営業秘密官民フォーラムメールマガジン掲載コラム 第35回|営業秘密の「使用」の意義及び立証

営業秘密官民フォーラムメールマガジン掲載コラム 第35回

営業秘密の「使用」の意義及び立証

弁護士知財ネット 中部地域会
弁護士 河合 哲志

PDF版ダウンロード:[営業秘密官民フォーラムメールマガジン掲載コラム] 第35回 営業秘密の「使用」の意義及び立証

 

第1 はじめに

営業秘密をめぐる訴訟において、原告が主張する情報の営業秘密性が認められた場合は、被告の行為が不正競争防止法所定の各要件に該当するか否かが問題となるが、そもそも営業秘密性が認められる事案が少ないこともあり、この点について検討される裁判例はあまり多くないように思われる。
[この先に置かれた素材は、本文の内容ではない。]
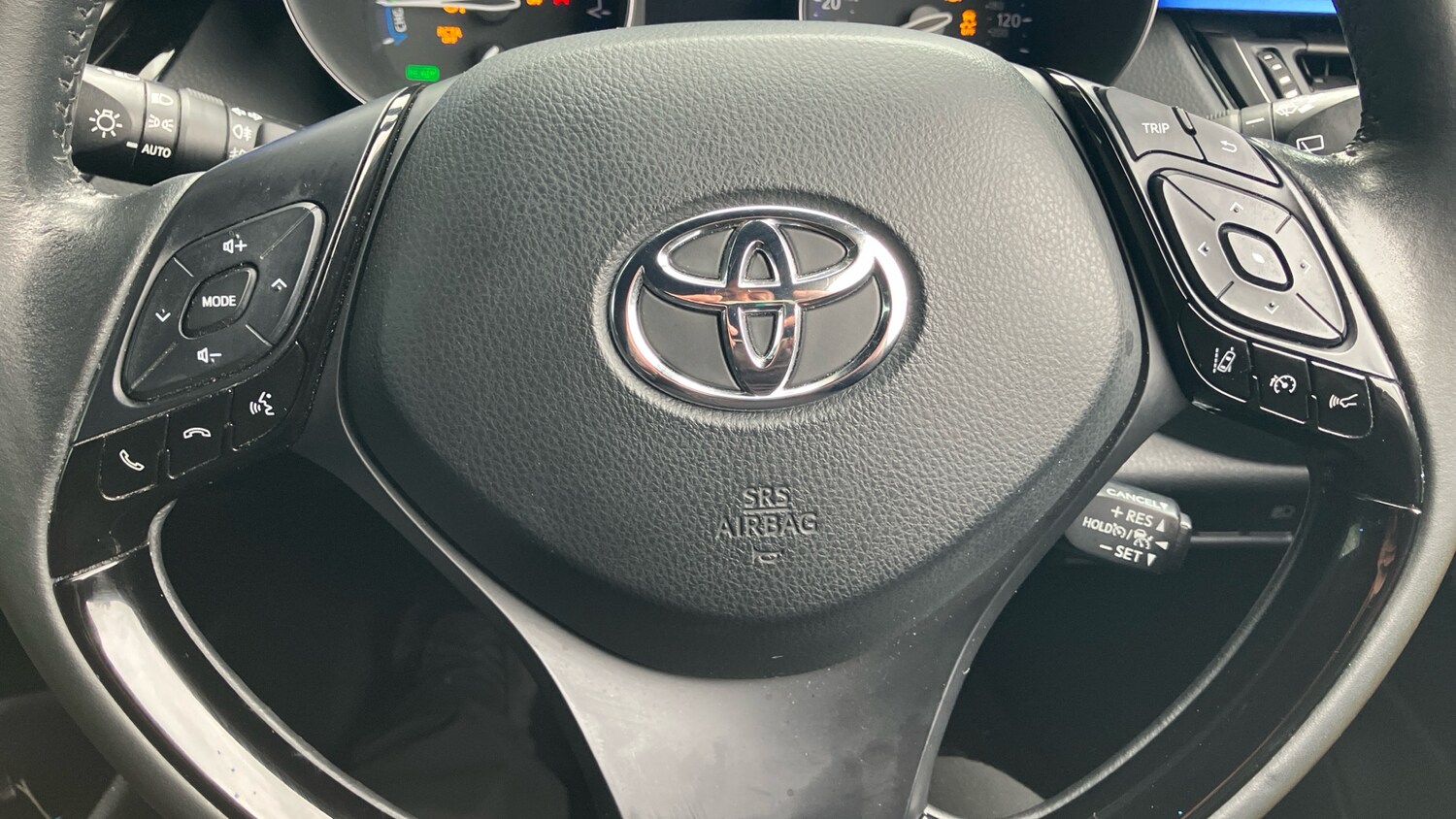Used Toyota C-HR 2020 for sale - 76079671: Photo 27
本稿においては、裁判例を通じて営業秘密の「使用」の意義とその立証について検討する。

第2 営業秘密の「使用」の意義

 不正競争防止法2条1項4号ないし10号にいう営業秘密の「使用」とは、営業秘密の本来の使用目的に沿って行われ、当該営業秘密に基づいて行われる行為として具体的に特定できる行為であるとされている[1]
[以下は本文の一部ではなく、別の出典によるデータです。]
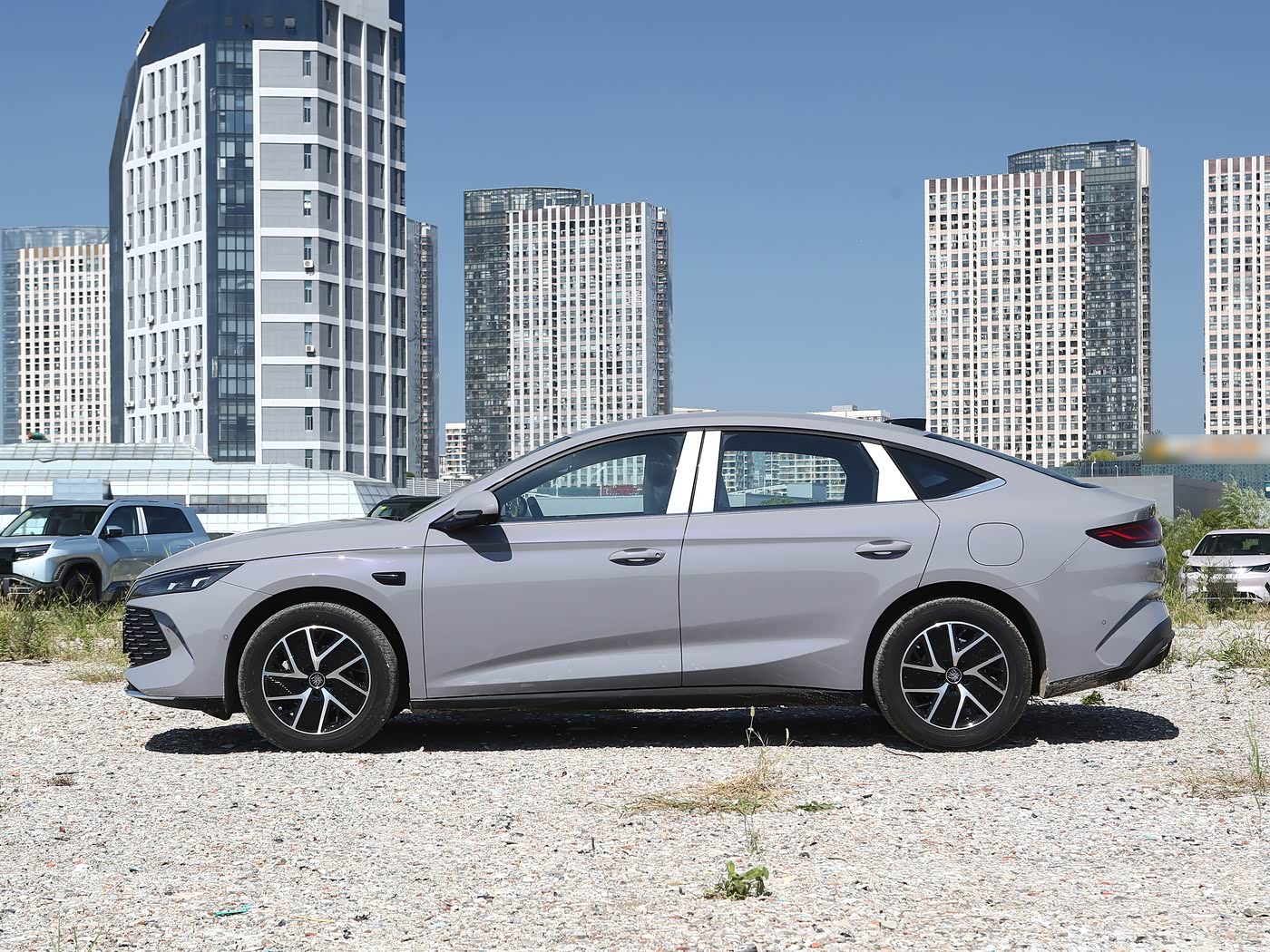 BYD QinL DM-i - Sedan, PHEV — изображение 7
営業秘密の「取得」や「開示」は、電子データの複製や送信など、外形上営業秘密そのものを対象としていることが比較的明らかな行為であるのに対し、「使用」は営業秘密を利用しているか否かが外見上必ずしも明らかではないことも多い。

 「使用」したか否かが問題となる情報は、前提として営業秘密としての「有用性」が認められた情報であるところ、上記「使用」の定義中の、「営業秘密の本来の使用目的に沿って行われ」ているか否かは、どのような点に「有用性」が認められるかということとリンクするものと考えられる。

裁判例上、秘密管理性及び非公知性が認められた情報については、反社会的な性質を持つ情報を除き、有用性が否定される例はあまり見られない。しかし、有用性を肯定するとしても、「使用」の有無を判断する前提として、当該営業秘密のどのような点に有用性が認められるのかは重要なポイントであるから、当事者としてはこの点に関する主張立証を十分に尽くす必要があるといえる。

 営業上の情報(顧客情報)について

⑴ 営業上の情報の不正使用行為としては、顧客名簿等に記載された顧客に対する勧誘等の営業行為が典型的なものである。

⑵ 顧客情報の有用性

一般的に、①特定の者が、特定の商品ないし役務の顧客であるという事実自体が、営業活動において有益な情報であることがあり[2]、また、当該顧客が締約に至る可能性の高い顧客であることの情報も営業先の選別において有用である。この場合、市販されている電話帳等で当該顧客の連絡先を知り得るからと言って、顧客名簿に登載された顧客情報の有用性(及び非公知性)が否定されるわけではない。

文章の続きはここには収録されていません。